Copy the data from the line that contains "this 1200×675 image." to its last line, exactly, including both of those lines and leaving out everything before.
--------
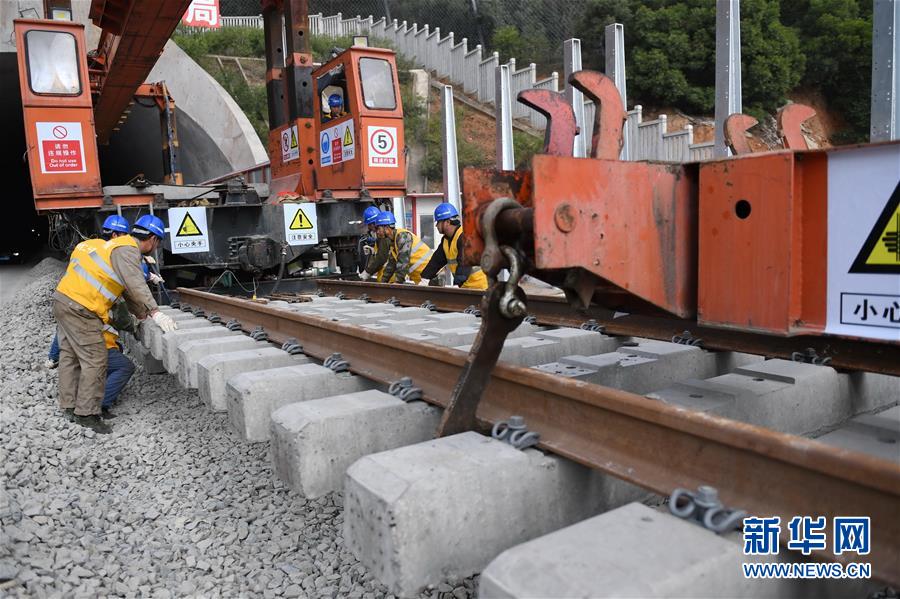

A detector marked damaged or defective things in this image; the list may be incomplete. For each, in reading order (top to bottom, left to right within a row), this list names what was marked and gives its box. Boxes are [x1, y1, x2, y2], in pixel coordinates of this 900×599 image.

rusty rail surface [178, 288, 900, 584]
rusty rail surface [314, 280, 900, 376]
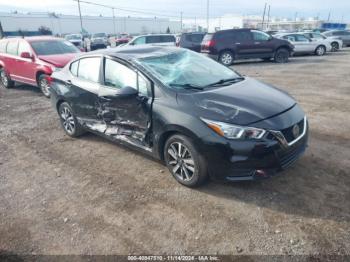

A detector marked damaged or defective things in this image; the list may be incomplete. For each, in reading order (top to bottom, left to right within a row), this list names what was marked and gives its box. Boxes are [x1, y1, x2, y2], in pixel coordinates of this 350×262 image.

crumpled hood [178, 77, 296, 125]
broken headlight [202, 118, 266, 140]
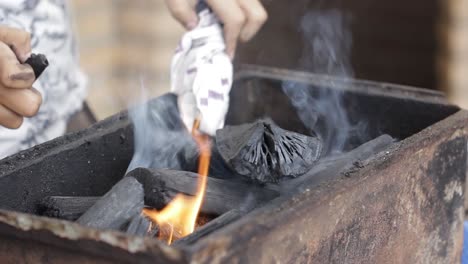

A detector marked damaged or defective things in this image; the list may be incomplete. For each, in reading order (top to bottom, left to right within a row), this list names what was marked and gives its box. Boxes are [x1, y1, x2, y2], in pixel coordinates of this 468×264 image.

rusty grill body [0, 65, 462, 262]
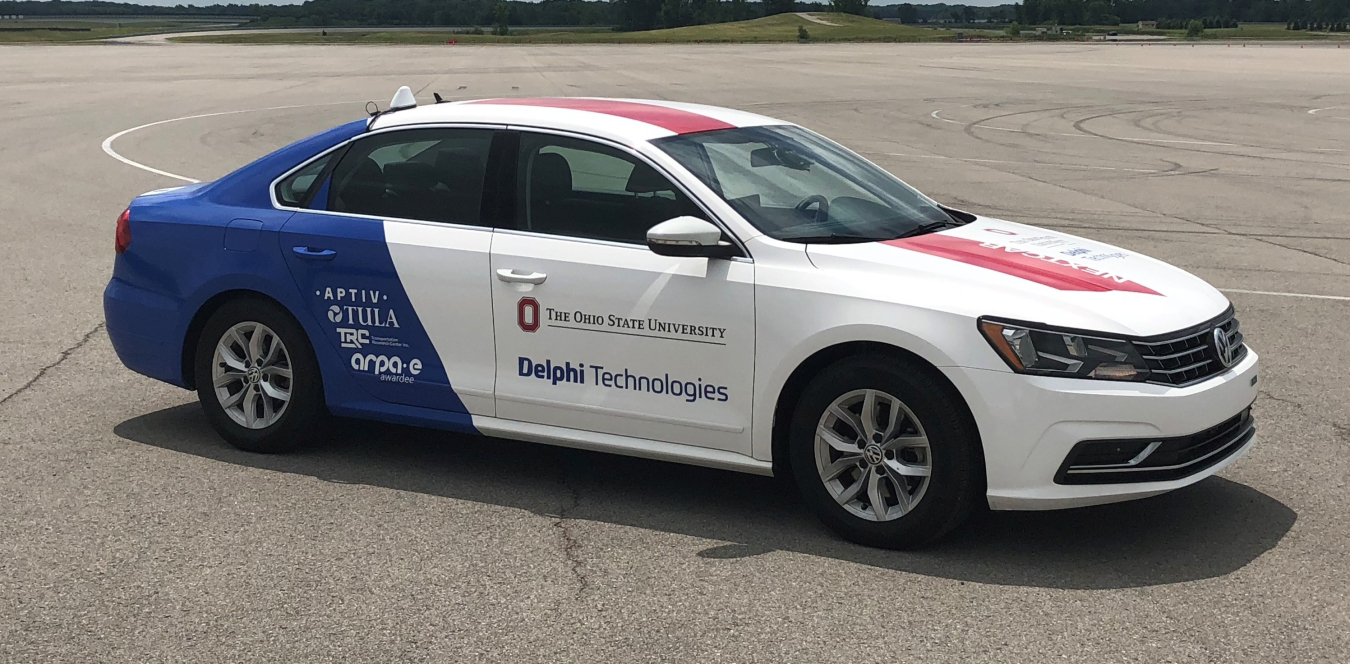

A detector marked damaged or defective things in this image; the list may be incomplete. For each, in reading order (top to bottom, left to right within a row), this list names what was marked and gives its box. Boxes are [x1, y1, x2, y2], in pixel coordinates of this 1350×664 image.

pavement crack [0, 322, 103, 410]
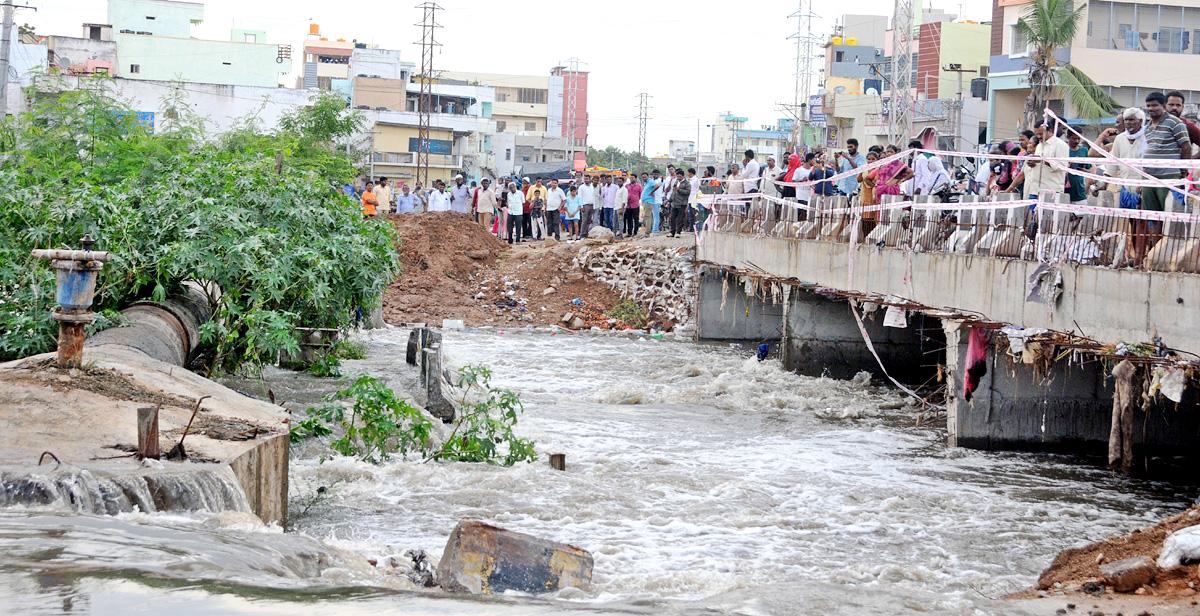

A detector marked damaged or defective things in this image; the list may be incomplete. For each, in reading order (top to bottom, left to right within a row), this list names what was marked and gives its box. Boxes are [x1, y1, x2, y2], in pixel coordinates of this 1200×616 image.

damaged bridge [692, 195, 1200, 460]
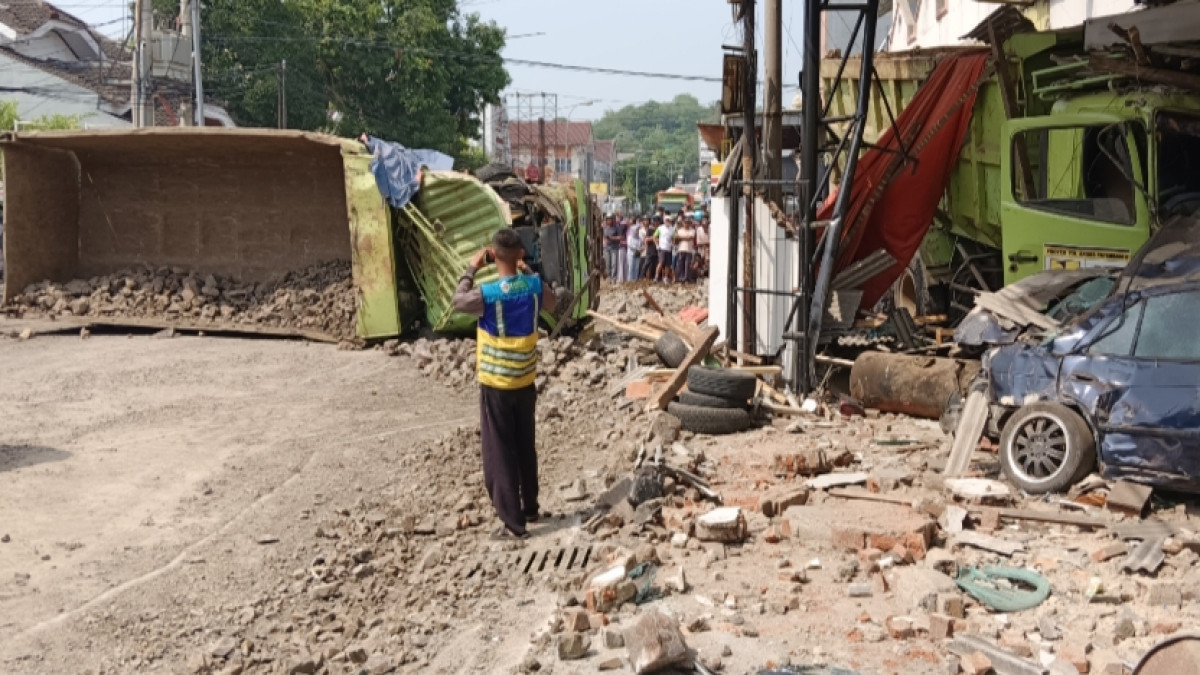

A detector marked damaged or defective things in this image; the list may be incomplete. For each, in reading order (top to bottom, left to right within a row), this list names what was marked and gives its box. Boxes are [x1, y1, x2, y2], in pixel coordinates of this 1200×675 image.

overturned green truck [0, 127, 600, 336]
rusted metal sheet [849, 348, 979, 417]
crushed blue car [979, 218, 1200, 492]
--------
# Exercise output
A detector marked damaged or defective things in this image; the list may be incomplete. For each, in reading order (top to bottom, left to right within a row), this list names what was marked and gives its box. Boxes are [x1, y1, x2, y2], in pixel coordinates of this 1200×675 image.

overturned green truck [0, 127, 600, 336]
rusted metal sheet [849, 348, 979, 417]
crushed blue car [979, 218, 1200, 492]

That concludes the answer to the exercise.